*WHAT TO WORK ON*
Each record must be copied in full and unchanged; any image it holds is excluded.

*MATERIAL SUPPLIED*
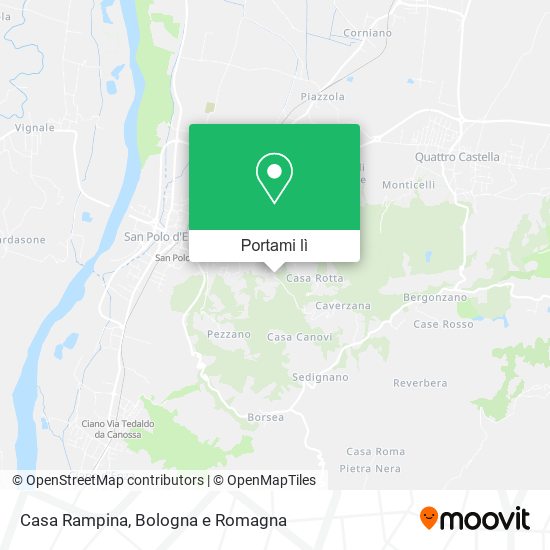 Mappa Casa Rampina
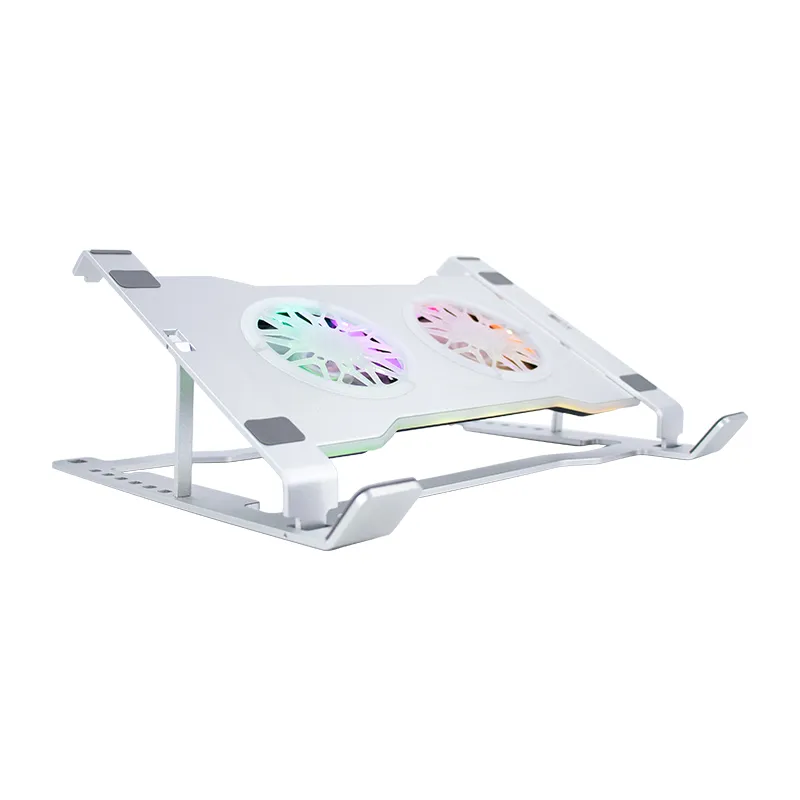 Cooler para notebook TEROS TE-7135N, soporta tablets y notebooks de 9" hasta 16", plateado - Vista 1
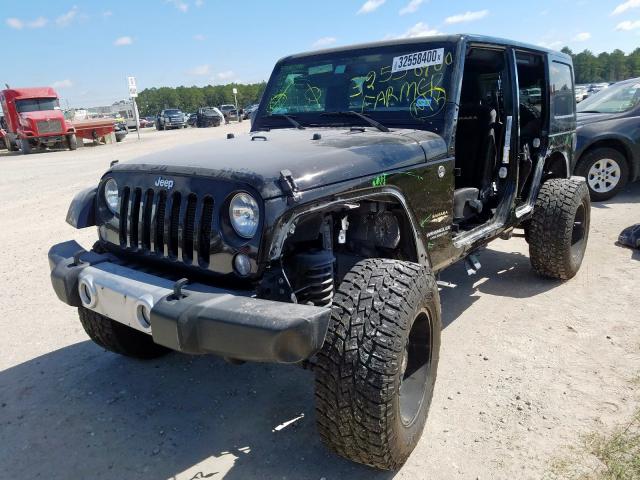 1C4BJWEG5FL750225 - 2015 JEEP WRANGLER UNLIMITED SAHARA  photo 2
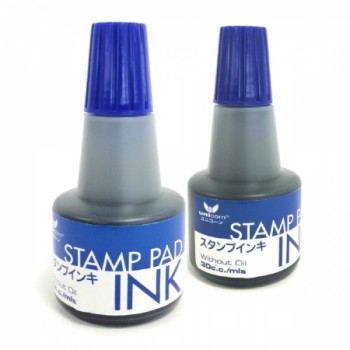 Unicorn 30C.C. Stamp Pad Ink-Blue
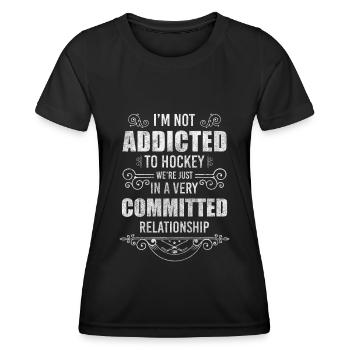 Hockey Skates Sport Team - Women's Functional T-Shirt - black - Front - AI Model Female 172 light (172cm)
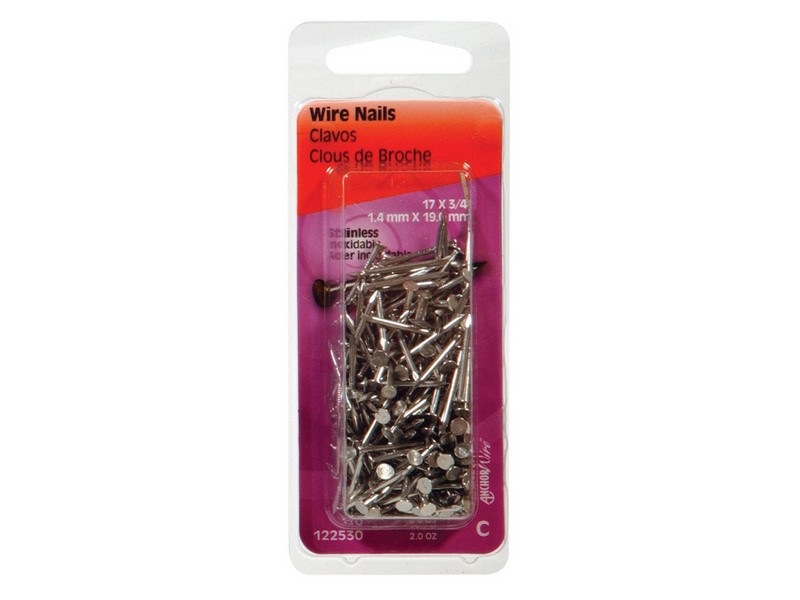 Hillman 17 Ga. G X 3/4 in. L Stainless Steel Wire Nails 1 pk 2 oz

*EXERCISE ANSWER*
 Mappa Casa Rampina
 Cooler para notebook TEROS TE-7135N, soporta tablets y notebooks de 9" hasta 16", plateado - Vista 1
 1C4BJWEG5FL750225 - 2015 JEEP WRANGLER UNLIMITED SAHARA  photo 2
 Unicorn 30C.C. Stamp Pad Ink-Blue
 Hockey Skates Sport Team - Women's Functional T-Shirt - black - Front - AI Model Female 172 light (172cm)
 Hillman 17 Ga. G X 3/4 in. L Stainless Steel Wire Nails 1 pk 2 oz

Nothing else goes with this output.